I Beddi: l’ironia tra il gioco e l’amore

Non c’è “Ciuri ciuri” né “Vitti ‘na crozza” nella tracklist perché l’intento è dare una versione ben diversa della solita pasta, fatta di una approfondita ricerca antropologica e culturale, ma anche di uno studio musicologico e linguistico. Le passioni, i giochi, le serenate, le filastrocche, i sogni e il disio, riprodotti dal quartetto con quella fedeltà che ci tiene legati alle tradizioni, innovandole.
“Ppi jocu e pp’amuri”, che sarà presentato Giovedì 20 novembre all’ex Monastero dei Benedettini, non è soltanto un titolo ma anche sintesi dell’intero lavoro musicale, un modo di vivere e di vedere la vita da siciliani, e non solo. Abbraccia anche la fatica del basso ceto sociale che da sempre ha rappresentato la parte più artistica e colorita del popolo siculo. Massimo comune denominatore è l’ironia che spesso riduce al minimo la distanza fra il gioco e l’amore.
 
Molto presenti sono le influenze dei territori vicini, come il carattere pastorale della zampogna a paru che accomuna il messinese con la Calabria, dalla pizzica salentina agli strumenti ereditati dalla dominazione araba.

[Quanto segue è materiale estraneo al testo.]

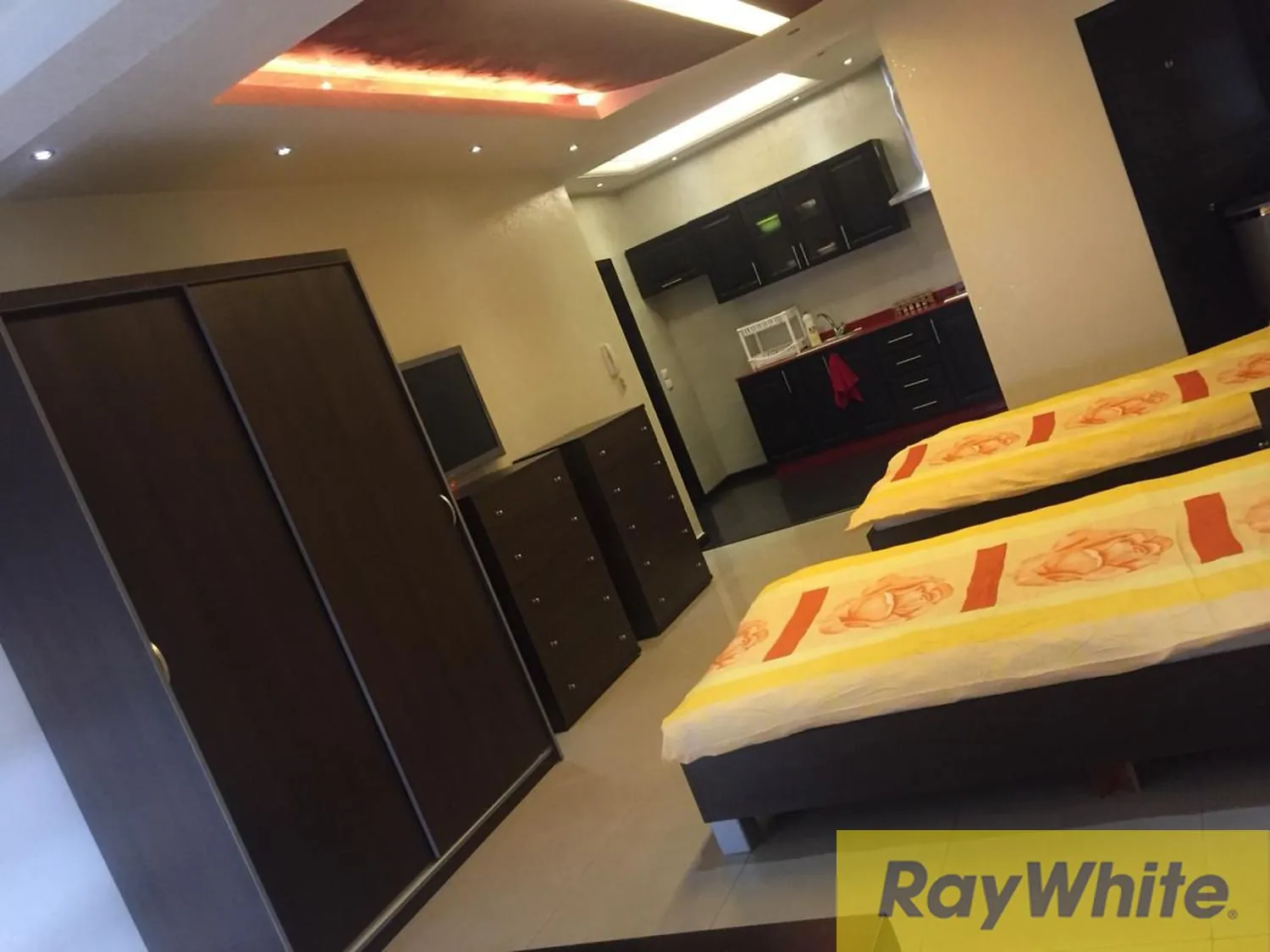 Apartment For Sale In Hamra — الصورة 3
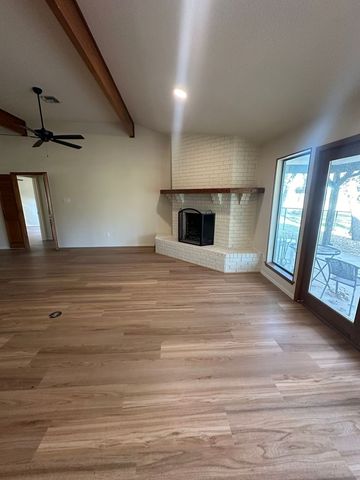 117 Greenbriar Street, Weatherford, TX 76087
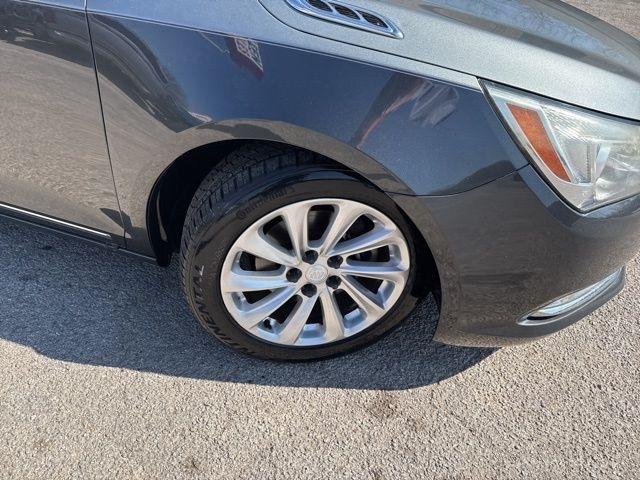 Buick LaCrosse  2016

Ci sono scene di vita quotidiana che balzano nella mente dell’ascoltatore come la marciabile “Cantu di caccia” o “Sbirruni”, ma anche proverbi e miniminagghi in “Nniminu”. Filastrocche variopinte come “E Tulì tulì tulì”, “Vitti affacciari lu suli di notti” e “Comu si li cugghieru li beddi pira”. Un testamento ironico in “Quannu moru ju”, che nasconde una morale (caratteristica del cuntu).
 
Ma l’indole sentimentale dei musicanti siciliani non si poteva limitare soltanto a questo. L’amore per la donna mediterranea musicato con semplicità attraverso le note di “La Nicusiota” o la sfacciata tarantella “L’acqua è nta cannata”. Una “Marranzanata di Maltese” anticipa in stile canto di carrittera la successiva “Quannu viru a tia”, un’appassionante serenata alla donna tanto desiderata quanto sofferta. Sullo stesso tema ma con ritmo rilassato emerge “Sutta la to finestra” a chiudere il ciclo dell’amore. Curioso il finale del disco dove il gruppo si cimenta nell’interpretazione personalizzata e alquanto bizzarra di venditori di musica “Alla fiera del Sud”.
 
Ogni storia è nata per formare un tutt’uno con la musica popolare utilizzando anche vecchie poesie e sonetti dalla metrica ritmata ricercate da studiosi come Giuseppe Pitrè, Alberto Favara, Antonino Uccello, Alan Lomax, Mario Sarica e Carlo Muratori, musicandoli sino nei particolari.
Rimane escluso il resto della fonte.